Executive members of the ruling alliance on April 8 grew angry over a newspaper report that said the U.S. is getting even more specific in its suggestions on how Japan should fix its ailing economy.

A Japanese newspaper reported that U.S. Treasury Secretary Robert Rubin urged that the consumption tax be scaled back to 3 percent when he met with former Prime Minister Kiichi Miyazawa during Miyazawa's visit to the U.S. early last month.

It also reported that U.S. Ambassador to Japan Thomas Foley asked LDP Secretary General Koichi Kato whether it is possible to lower the tax rate. Kato denied the report.

Kato also said he has asked Miyazawa if Rubin had made such remark, but Miyazawa declined to reveal the details of his discussion with Rubin. When the consumption tax was increased to 5 percent in April 1997, Japan's already frail economy began on a steep descent.

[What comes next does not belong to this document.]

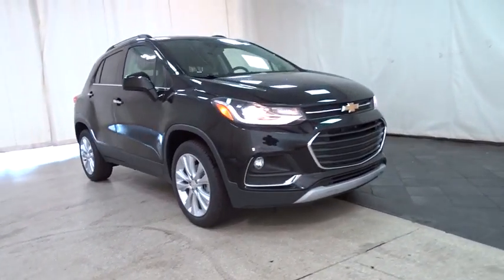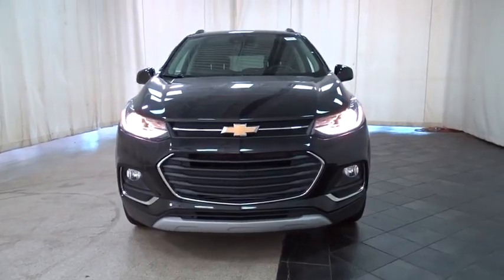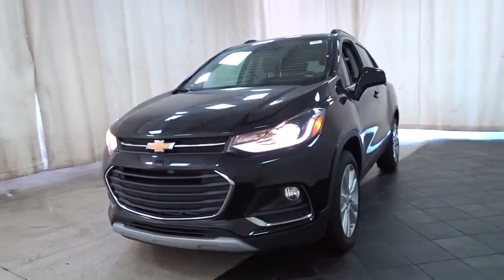The 2018 Chevrolet Trax. The Trax is tiny on the outside but remarkably spacious within. It comes with a clean and modern interior.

Now, with calls mounting both domestically and internationally for Japan to take more vigorous economic stimulus measures, frustration among officials in the ruling Liberal Democratic Party is increasing.

Anger was vented the same day in a meeting of the LDP and its two non-Cabinet allies -- the Social Democratic Party and New Party Sakigake. LDP policy affairs chief Taku Yamasaki told the meeting that if Rubin had really made such a request, it would mean that the U.S. is interfering in Japan's domestic affairs, according to Kato.

He said the U.S. does not understand the sensitivity of the consumption tax issue, saying that prime ministers had to step down amid arguments over the tax's introduction.